Donald, Sarah and Andy have been great running companions on our Friday team runs, making the run so much more enjoyable and showing me some new routes through Edinburgh that I didn’t know existed. Turns out there’s a lovely path from the West End of Edinburgh through to Granton!
The final thanks goes to the people without whom none of this would have been possible or worthwhile. Camille has put up with my need for ever increasing amounts of food over the last months, my virtual half-day absences on long run days, me getting home late from work when I’ve gone out for a run at lunchtime, and coming home stinking after a run. As well as the constant cycle of running clothes I hog the washing machine with, the sandals I leave in random places when I’m “too tired” to put them where they belong. And the girls always greet me with a “how was your run?” when I get back.

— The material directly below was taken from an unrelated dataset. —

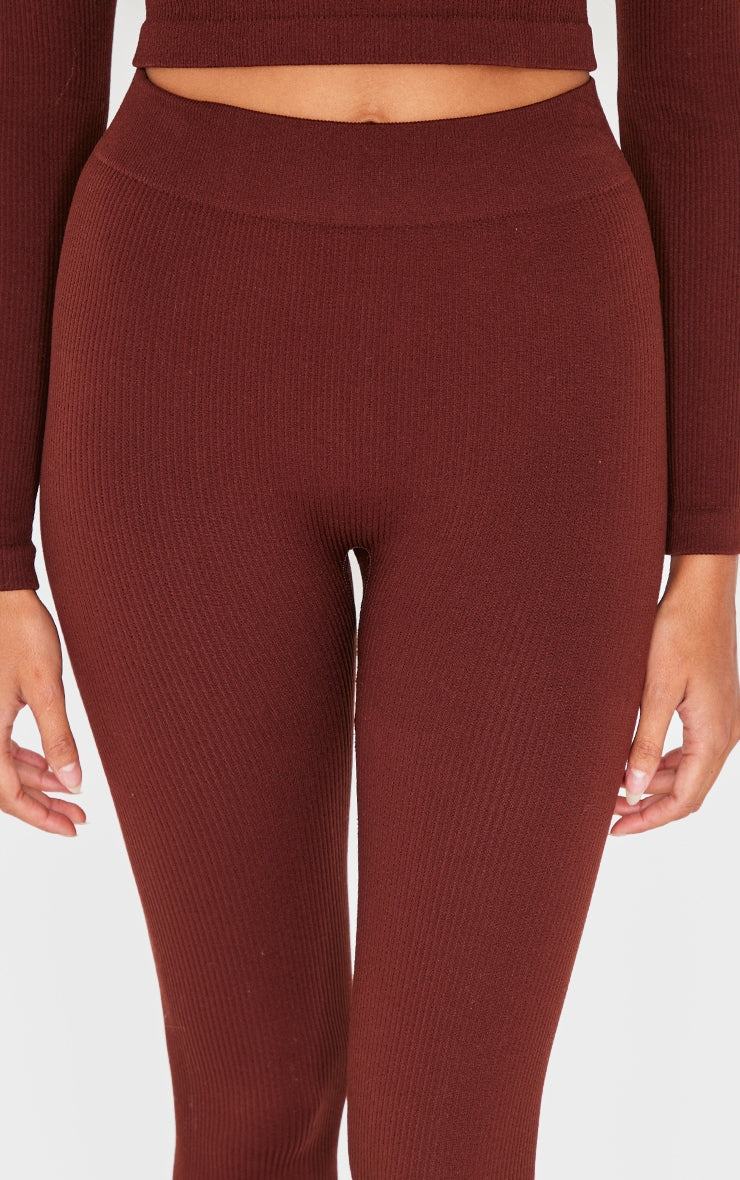 Brown structured contour ribbed leggings with a high waist and fitted design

LoLo yesterday was my star support, along with her cousins who donated their coats in the cause of warming me up when I lay shivering on the ground (it wasn’t a pretty sight), even though that left them in only a t-shirt. My other support crew yesterday drove me to the race, took photos, got me some milk when I couldn’t face eating or drinking anything else, covered me in layers to warm me up, used umbrellas to keep the wind off me, and gave me big hugs when I came off the finish line, as well as literally lifting me back up off the ground when my legs couldn’t take my weight. Thanks Mum, Dad, Ros, Mat, Alexander and Stephanie… I’m afraid I’m doing it all again next year.
Walking was an issue at this point – how far did I still have to go to get my bag of warm clothes? – those lorries in the distance!